IRISH investors could face losses of close to €500 million as the Education Media & Publishing Group (EMPG), controlled by Barry O’Callaghan, faces a major restructuring of its $7bn-plus crippling debt.

Investors could face €500m losses on EMPG

Private investors who sank an estimated €240m into the group have been informed by Davy Stockbrokers that their money has been wiped out, it is understood. Davy did not return our calls.

It is also reckoned O’Callaghan may face losses of up to €250m in the restructuring.

It is feared that Irish shareholders would lose all of their investments as a result of the debt crisis threatening its survival.

“Many of these investors were funded through large loans from Anglo Irish Bank, which is now wholly owned by Irish taxpayers,” said Fine Gael TD George Lee.

He said he knew of one investor who had been told that his €1m investment was gone, he said.

He also raised doubts about the prospects of some of the 450 jobs announced in September 2008 by an EMPG subsidiary to deliver e-learning R&D development programmes in south Dublin.
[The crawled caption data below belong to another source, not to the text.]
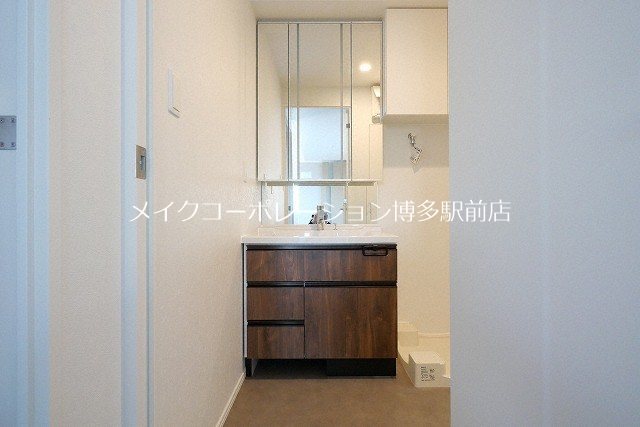 エンクレスト博多駅南GRACE その他1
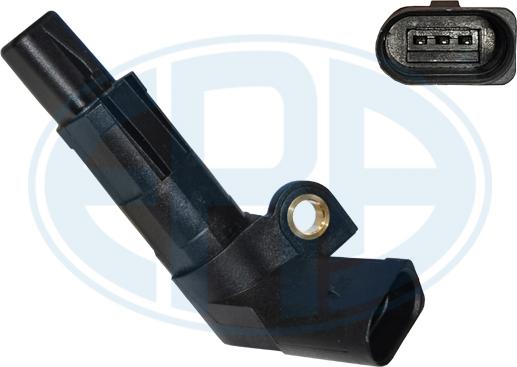 ERA 550029A - Generatore di impulsi, Albero a gomiti www.autoricambi360.it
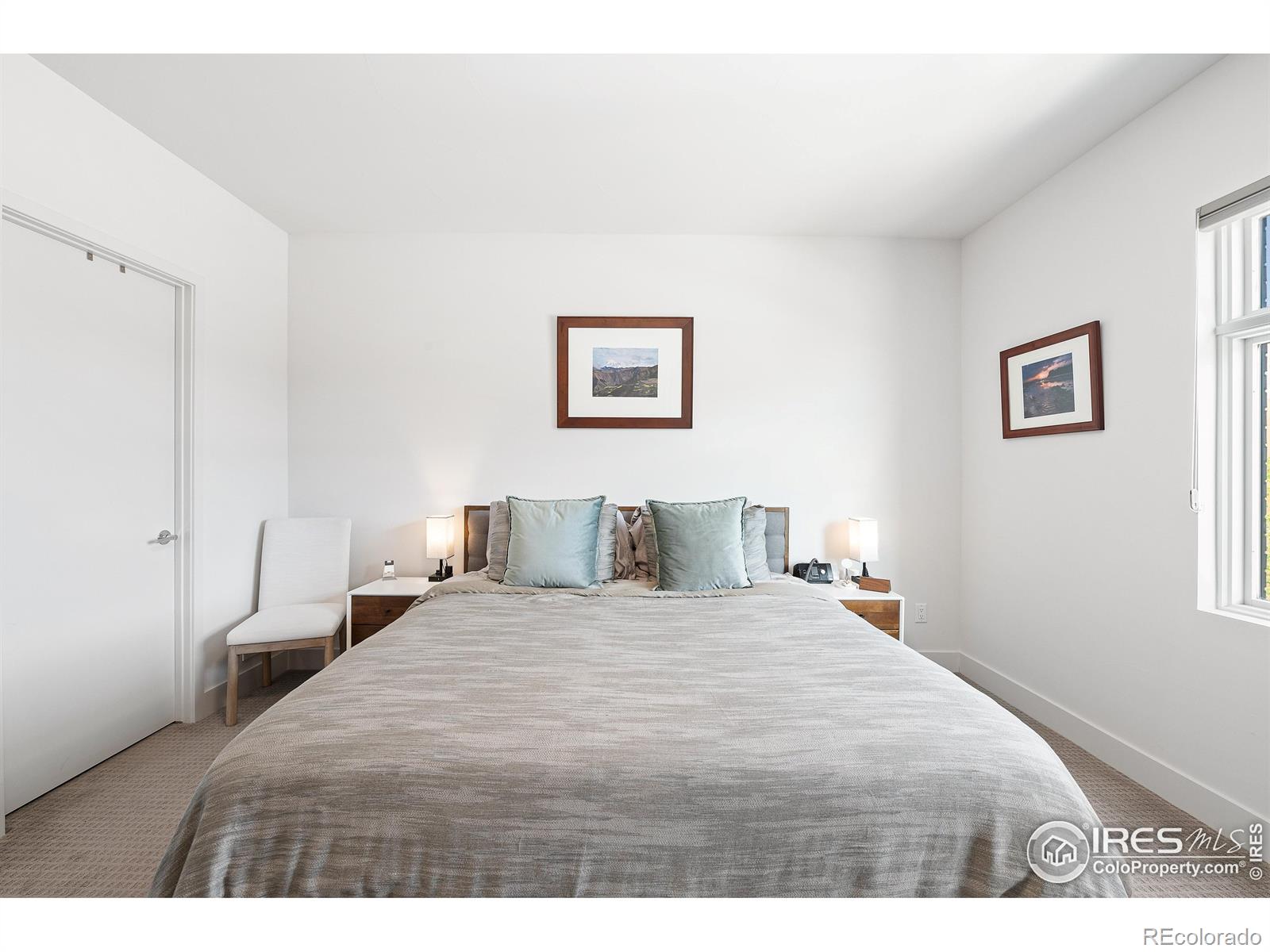 MLS Image #14 for 2907  32nd street,boulder, Colorado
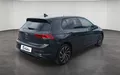 Miniature VOLKSWAGEN GOLF 2.0 TDI SCR 115 DSG7 Life extérieur trois quart arrière droit 2132313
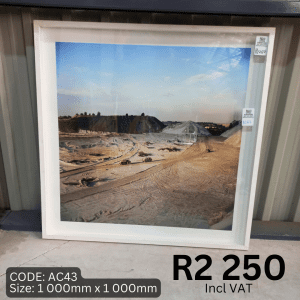 Used Paintings
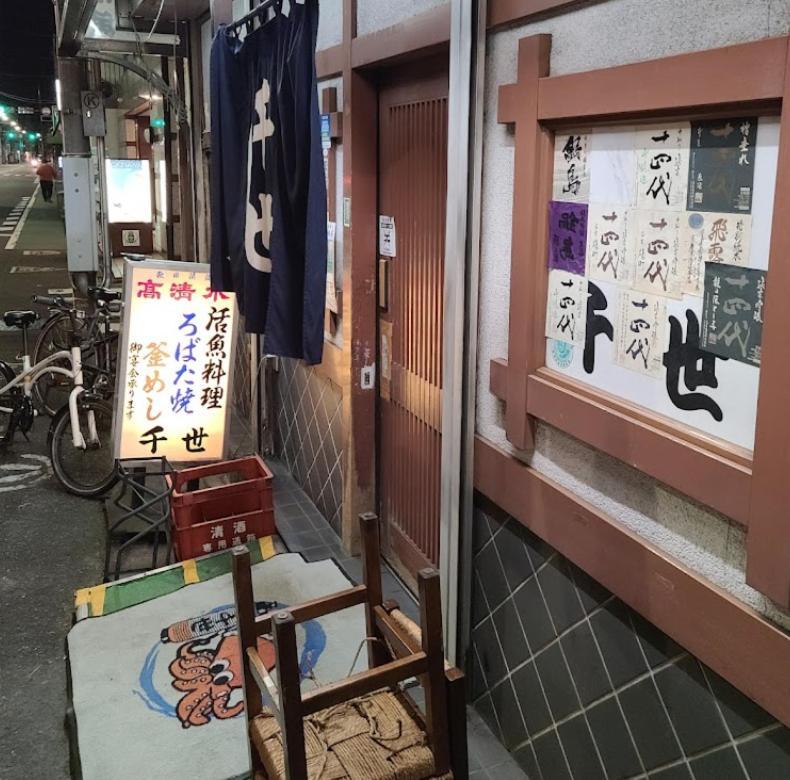 羽田ハウスⅱ Apartment Tokio Exterior foto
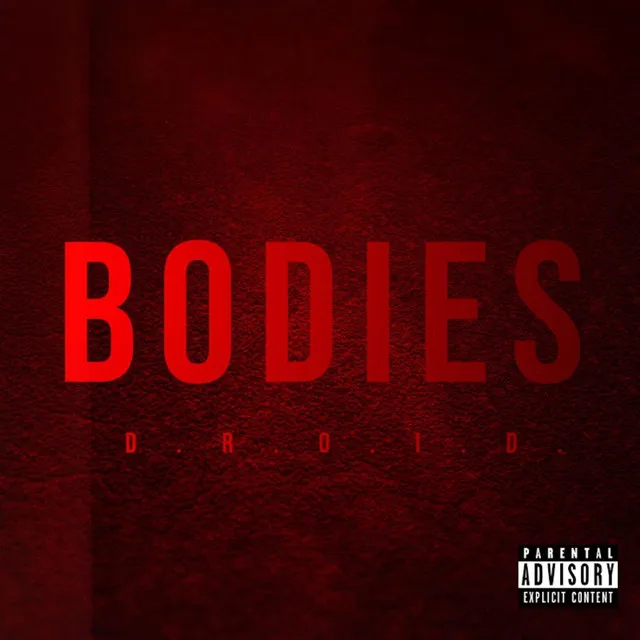 Bodies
This is a €350m investment and Enterprise Ireland allocated the “largest grant” in its history to support it. An EI spokesman said the project was on schedule.

The group, formerly known as Riverdeep, publishes a range of educational products. It confirmed last night that the restructuring talks were underway.

Led by the 39-year-old O’Callaghan, a former banker from Cork, EMPG owns Houghton Mifflin Harcourt, a major US educational publisher.

The group said: “We are in advanced discussions regarding a comprehensive, consensual balance sheet restructuring.”

Certain lenders have committed to “make substantial new investments in the company in connection with this restructuring”, the statement said.

“The plan will enhance liquidity and the company expects to have over $600m of new working capital to support growth initiatives,” it said.

Last night the company put a brave face on the deal saying it was business as usual for the group.

“These developments have no adverse effect on our day-to-day operations, on our employees, or on the nature and quality of the services we provide to our customers and business partners,” it said.

Barry O’Callaghan and the senior management team will continue to lead the company following the implementation of the restructuring plan.

The company said it would continue to honour the terms of the Enterprise Ireland contract.